::: Information supplied

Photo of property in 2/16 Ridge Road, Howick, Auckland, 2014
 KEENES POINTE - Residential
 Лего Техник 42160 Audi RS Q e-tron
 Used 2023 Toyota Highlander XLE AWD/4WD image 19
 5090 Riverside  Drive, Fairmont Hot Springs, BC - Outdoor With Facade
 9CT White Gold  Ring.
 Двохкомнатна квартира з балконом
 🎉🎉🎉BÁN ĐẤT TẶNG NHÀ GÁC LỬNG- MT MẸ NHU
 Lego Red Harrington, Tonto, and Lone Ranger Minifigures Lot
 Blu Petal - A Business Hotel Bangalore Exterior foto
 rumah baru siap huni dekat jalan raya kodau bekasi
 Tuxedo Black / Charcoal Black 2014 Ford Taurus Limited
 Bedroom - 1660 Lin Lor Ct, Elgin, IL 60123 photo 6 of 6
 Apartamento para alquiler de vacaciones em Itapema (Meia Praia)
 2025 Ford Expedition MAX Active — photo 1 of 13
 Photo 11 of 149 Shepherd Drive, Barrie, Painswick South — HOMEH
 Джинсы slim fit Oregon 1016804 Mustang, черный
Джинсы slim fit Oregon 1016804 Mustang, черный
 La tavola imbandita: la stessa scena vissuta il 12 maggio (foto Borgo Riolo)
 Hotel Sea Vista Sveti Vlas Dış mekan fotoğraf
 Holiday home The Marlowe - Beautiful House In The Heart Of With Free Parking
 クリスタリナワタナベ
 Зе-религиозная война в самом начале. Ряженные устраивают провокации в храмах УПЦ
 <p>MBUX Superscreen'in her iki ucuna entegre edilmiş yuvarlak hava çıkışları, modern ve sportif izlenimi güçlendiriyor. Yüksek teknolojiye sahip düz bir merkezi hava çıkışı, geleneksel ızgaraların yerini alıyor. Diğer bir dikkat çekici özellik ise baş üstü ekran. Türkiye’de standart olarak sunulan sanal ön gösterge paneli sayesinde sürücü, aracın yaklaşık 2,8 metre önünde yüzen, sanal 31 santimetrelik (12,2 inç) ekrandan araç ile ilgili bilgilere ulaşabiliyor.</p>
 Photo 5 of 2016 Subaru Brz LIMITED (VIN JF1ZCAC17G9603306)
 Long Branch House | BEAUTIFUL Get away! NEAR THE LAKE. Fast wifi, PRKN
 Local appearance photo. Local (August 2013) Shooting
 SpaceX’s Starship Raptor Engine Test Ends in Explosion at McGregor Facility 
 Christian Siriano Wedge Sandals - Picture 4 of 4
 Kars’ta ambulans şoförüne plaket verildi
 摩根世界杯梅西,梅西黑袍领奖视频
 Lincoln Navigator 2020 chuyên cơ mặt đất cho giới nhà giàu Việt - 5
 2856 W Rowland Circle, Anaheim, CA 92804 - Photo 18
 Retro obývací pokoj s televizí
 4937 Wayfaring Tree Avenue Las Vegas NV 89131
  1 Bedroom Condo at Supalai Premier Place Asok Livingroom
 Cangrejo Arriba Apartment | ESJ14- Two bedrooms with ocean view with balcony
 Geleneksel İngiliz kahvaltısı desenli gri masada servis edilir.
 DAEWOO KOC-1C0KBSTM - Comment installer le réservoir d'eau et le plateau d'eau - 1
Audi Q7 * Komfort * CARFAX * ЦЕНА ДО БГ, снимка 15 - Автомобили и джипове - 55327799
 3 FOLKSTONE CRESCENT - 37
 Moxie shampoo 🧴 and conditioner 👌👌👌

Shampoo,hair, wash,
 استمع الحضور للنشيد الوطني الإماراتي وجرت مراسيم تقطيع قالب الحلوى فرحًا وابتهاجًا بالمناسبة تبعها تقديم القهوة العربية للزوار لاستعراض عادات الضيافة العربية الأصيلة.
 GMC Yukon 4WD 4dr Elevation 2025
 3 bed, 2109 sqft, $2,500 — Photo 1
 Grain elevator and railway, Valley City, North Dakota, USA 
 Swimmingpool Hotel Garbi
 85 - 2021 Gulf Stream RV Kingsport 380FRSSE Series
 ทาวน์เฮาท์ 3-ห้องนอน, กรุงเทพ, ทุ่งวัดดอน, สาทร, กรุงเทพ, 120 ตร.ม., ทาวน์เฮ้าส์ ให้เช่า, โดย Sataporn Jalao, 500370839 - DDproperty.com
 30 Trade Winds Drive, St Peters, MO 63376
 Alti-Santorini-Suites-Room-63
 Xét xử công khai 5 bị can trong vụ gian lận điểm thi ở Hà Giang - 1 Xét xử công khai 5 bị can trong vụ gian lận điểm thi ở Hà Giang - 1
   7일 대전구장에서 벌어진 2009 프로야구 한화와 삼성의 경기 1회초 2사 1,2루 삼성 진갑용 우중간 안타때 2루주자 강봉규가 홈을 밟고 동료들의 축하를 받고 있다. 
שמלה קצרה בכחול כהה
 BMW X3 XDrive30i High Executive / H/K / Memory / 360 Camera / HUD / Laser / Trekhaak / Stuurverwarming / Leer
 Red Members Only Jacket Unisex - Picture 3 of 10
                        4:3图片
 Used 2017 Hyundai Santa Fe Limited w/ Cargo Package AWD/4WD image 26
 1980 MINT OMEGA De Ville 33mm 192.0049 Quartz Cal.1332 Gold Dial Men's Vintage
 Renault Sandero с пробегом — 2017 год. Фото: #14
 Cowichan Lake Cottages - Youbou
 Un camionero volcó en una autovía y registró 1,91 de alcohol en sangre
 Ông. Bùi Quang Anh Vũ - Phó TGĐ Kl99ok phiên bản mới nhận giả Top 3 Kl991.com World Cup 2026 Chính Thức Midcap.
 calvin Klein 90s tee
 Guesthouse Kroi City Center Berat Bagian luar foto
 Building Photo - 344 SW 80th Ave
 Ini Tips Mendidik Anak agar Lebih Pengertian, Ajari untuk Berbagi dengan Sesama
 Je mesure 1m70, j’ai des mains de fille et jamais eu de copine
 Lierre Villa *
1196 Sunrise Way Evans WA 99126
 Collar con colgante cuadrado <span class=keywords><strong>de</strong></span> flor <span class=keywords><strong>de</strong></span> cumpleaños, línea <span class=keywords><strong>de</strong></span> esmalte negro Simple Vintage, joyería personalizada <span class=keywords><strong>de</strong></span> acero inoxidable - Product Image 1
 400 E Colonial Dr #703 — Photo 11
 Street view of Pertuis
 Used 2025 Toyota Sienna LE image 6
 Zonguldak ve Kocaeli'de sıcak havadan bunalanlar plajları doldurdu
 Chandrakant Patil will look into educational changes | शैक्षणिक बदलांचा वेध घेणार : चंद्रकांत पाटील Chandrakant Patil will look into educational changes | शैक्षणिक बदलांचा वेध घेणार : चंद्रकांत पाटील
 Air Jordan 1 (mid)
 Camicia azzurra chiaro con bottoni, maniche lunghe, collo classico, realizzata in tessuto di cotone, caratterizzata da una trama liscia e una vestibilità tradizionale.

::::::

• About this task: Search the entries for "Gold" and copy out each line that has it.

• Output of the task:
 9CT White Gold  Ring.
 1980 MINT OMEGA De Ville 33mm 192.0049 Quartz Cal.1332 Gold Dial Men's Vintage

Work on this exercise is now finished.